"But for 30 years, Orthodox leaders have tipped the balance between hawks and doves, and have been in a position to determine who forms a coalition and who runs the country"
About this Quote
Power in politics doesn’t always look like power, and Amos Oz is naming the trick: a bloc that’s numerically modest but structurally indispensable can run the table. “Tipped the balance” is the tell. It frames Orthodox leaders not as a governing majority with a clear mandate, but as ballast on a scale that never settles. In a parliamentary system where coalitions are stitched together from fragments, the smallest piece can become the seam. Oz’s language makes that transactional reality feel slightly scandalous, like a constitutional loophole turned into a long-running business model.
The hawks-and-doves shorthand is doing double duty. It reduces the ideological struggle over war, peace, and territorial compromise to an almost comic binary, then reveals how that binary is less decisive than the arithmetic of coalition-building. The subtext is frustration with a democratic paradox: national fate on existential questions can hinge on parties whose priorities are often not the conflict itself but religious policy, budgets for institutions, exemptions, and control over public norms. “Determine who forms a coalition” sounds procedural; “who runs the country” lands like an indictment.
Context matters: Oz, a leading Israeli novelist and peace advocate, spent decades watching electoral deadlock and razor-thin governments make religious parties permanent kingmakers. He’s not accusing Orthodox voters of illegitimacy; he’s pointing to incentives. When every election produces a near-tie, leverage migrates to whoever can credibly walk away. Oz’s intent is to expose how the center of gravity shifts from public persuasion to backroom bargaining - and how, over time, that quietly reshapes the country’s direction.

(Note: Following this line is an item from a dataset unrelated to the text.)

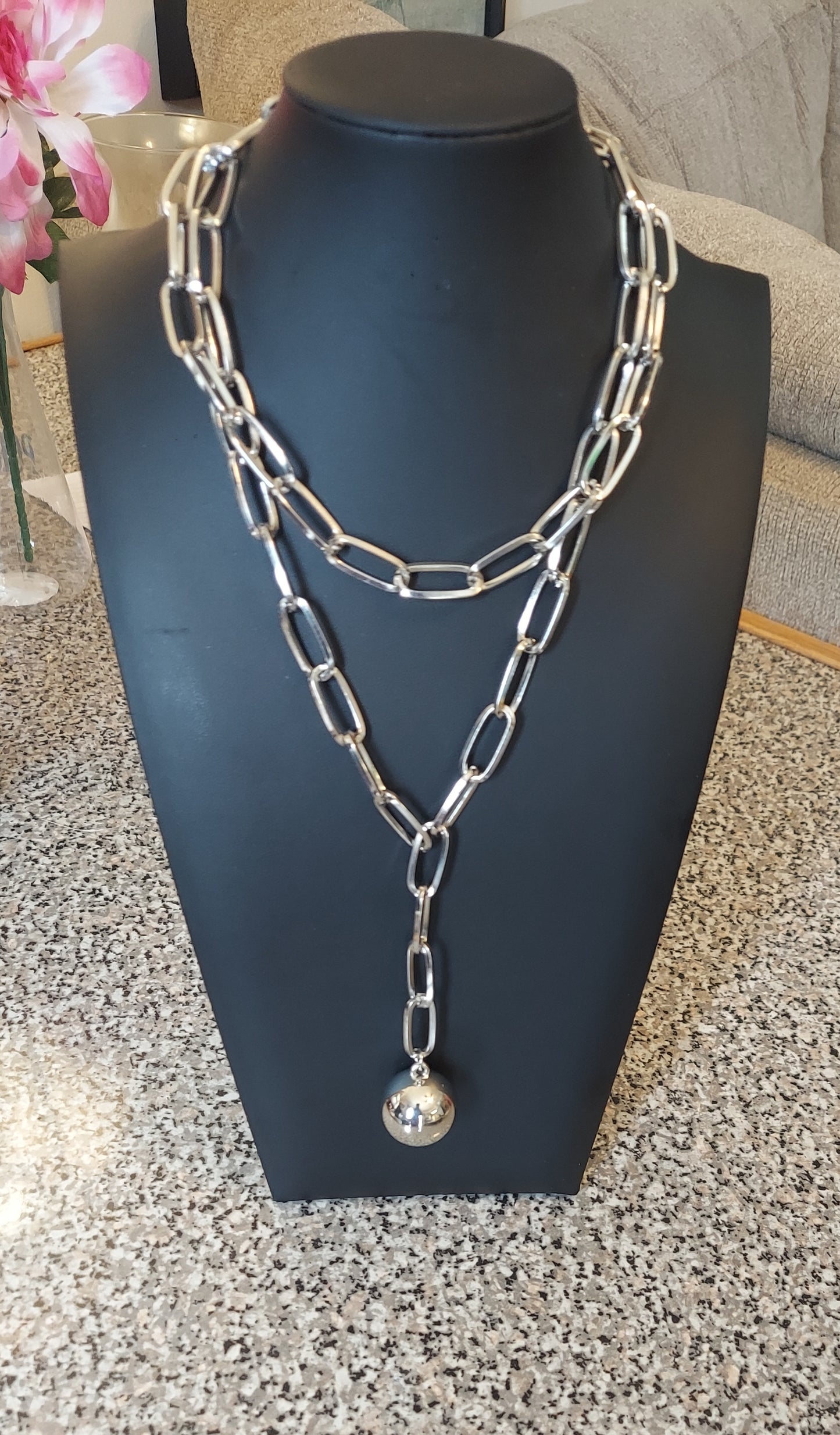 Balancing Ball- Silver Necklace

The hawks-and-doves shorthand is doing double duty. It reduces the ideological struggle over war, peace, and territorial compromise to an almost comic binary, then reveals how that binary is less decisive than the arithmetic of coalition-building. The subtext is frustration with a democratic paradox: national fate on existential questions can hinge on parties whose priorities are often not the conflict itself but religious policy, budgets for institutions, exemptions, and control over public norms. “Determine who forms a coalition” sounds procedural; “who runs the country” lands like an indictment.
Context matters: Oz, a leading Israeli novelist and peace advocate, spent decades watching electoral deadlock and razor-thin governments make religious parties permanent kingmakers. He’s not accusing Orthodox voters of illegitimacy; he’s pointing to incentives. When every election produces a near-tie, leverage migrates to whoever can credibly walk away. Oz’s intent is to expose how the center of gravity shifts from public persuasion to backroom bargaining - and how, over time, that quietly reshapes the country’s direction.